Il faut également mentionner que les émissions mondiales de CO2, après avoir fortement augmenté au début des années 2000 et stagné entre 2014 et 2016, sont reparties à la hausse en 2017. Les émissions mondiales de la plupart des autres gaz à effet de serre comme le méthane continuent à augmenter. L'agrégation des contributions nationales de la COP21 et donc des engagements actuels des États à l'horizon 2025-2030 suggère la poursuite d'une augmentation des émissions mondiales de gaz à effet de serre d'ici à 2030, mais moins vite que dans un scénario de laisser faire. Sans révision à la hausse de cette ambition, ces contributions nationales impliqueraient un réchauffement de l'ordre de 2,5 degrés à 3 degrés d'ici à la fin du siècle. Cette analyse n'intègre pas les implications de la dérégulation environnementale en cours aux États-Unis sur la trajectoire d'émissions de ce pays.

Le rapport spécial sur 1,5 degré du GIEC apportera une analyse complémentaire sur les trajectoires de développement sobres en carbone, y compris dans leur dimension sociale qui sont un élément important.

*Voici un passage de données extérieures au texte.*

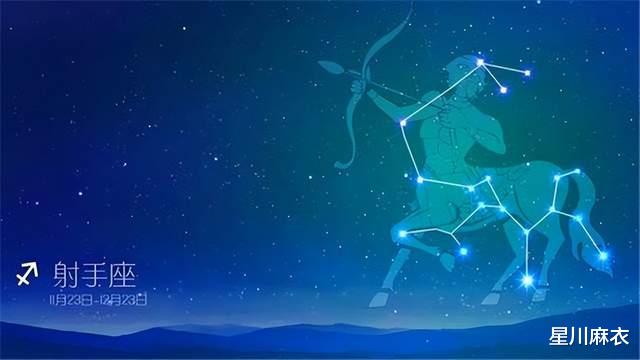 |3月27日~4月2日星座运势:天秤、天蝎、射手、摩羯、水瓶、双鱼座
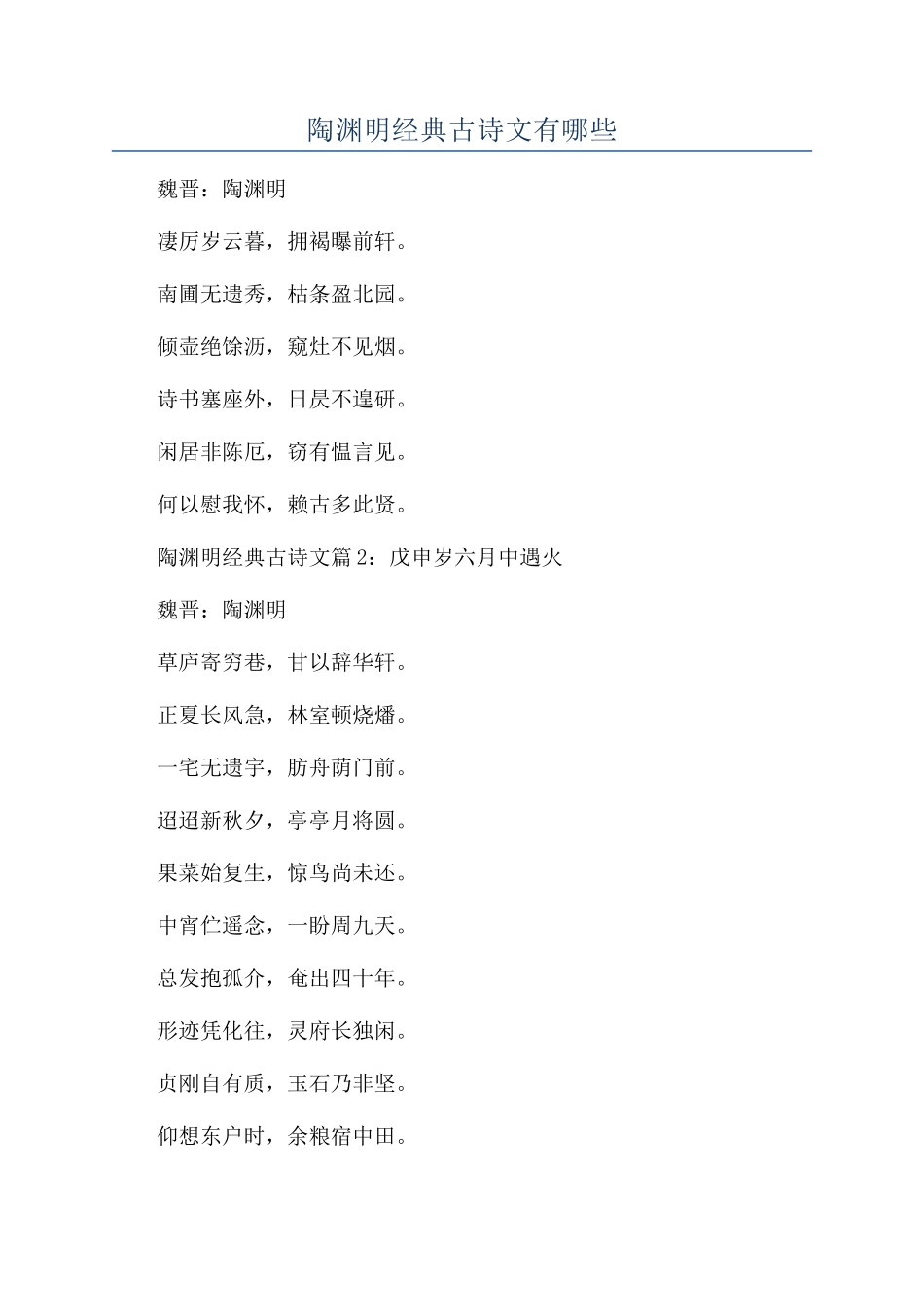 陶渊明经典古诗文有哪些_第1页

À titre personnel, je considère que les actions timides en cours exposent les jeunes générations à une triple peine : celle de s'adapter en permanence à un climat qui risque de changer plus vite dans les décennies à venir que dans les décennies passées, « ce territoire inconnu » pour reprendre les termes de l'Organisation météorologique mondiale ; celle de devoir agir plus rapidement et donc avec moins de marge de manoeuvre et un coût de transition plus élevé pour limiter le rejet de gaz à effet de serre par la suite si on ne le fait pas maintenant ; enfin le risque de devoir recourir à des « soins palliatifs » pour remédier à la situation en cherchant à extraire des gaz à effet de serre de l'atmosphère et les stocker ou à manipuler le climat avec des risques d'effets indirects ou collatéraux importants.

Les coûts et les dommages liés aux événements extrêmes récents montrent à quel point nous ne sommes pas adaptés à la variabilité du climat d'aujourd'hui, marqué par un degré de réchauffement par rapport au milieu du XIXe siècle, et soulignent à quel point il y a partout des vulnérabilités et des expositions aux risques.

Les stratégies d'adaptation aux conséquences inéluctables du réchauffement climatique, en particulier pour le littoral, sont aussi essentielles pour réduire les risques actuels et éviter d'être piégé à l'avenir sur des situations de vulnérabilité.

Les progrès des connaissances scientifiques, le partage des questionnements – je vous ai montré ce que l'on sait et ce que l'on ne sait pas – entre le monde académique et les acteurs de terrain sont vraiment des aspects importants pour des stratégies d'adaptation intelligentes et flexibles. L'éducation aux sciences du climat, aux sciences du changement climatique et aux risques sont des volets fondamentaux, quand on pense aux jeunes générations. Parler de changement climatique, c'est aussi se poser la question de la place qu'on accorde à la jeunesse.

Lors des catastrophes naturelles qui ont touché récemment la France en métropole et dans les outre-mer, j'ai été frappée de voir à quel point les infrastructures dédiées à la jeunesse et à leur droit fondamental à la continuité de l'accès à l'éducation étaient exposées aux aléas depuis les lieux de garde jusqu'aux établissements d'éducation. Il serait pertinent que les stratégies de gestion des risques et d'adaptation au changement climatique accordent une attention particulière à la protection des lieux où sont scolarisés les enfants.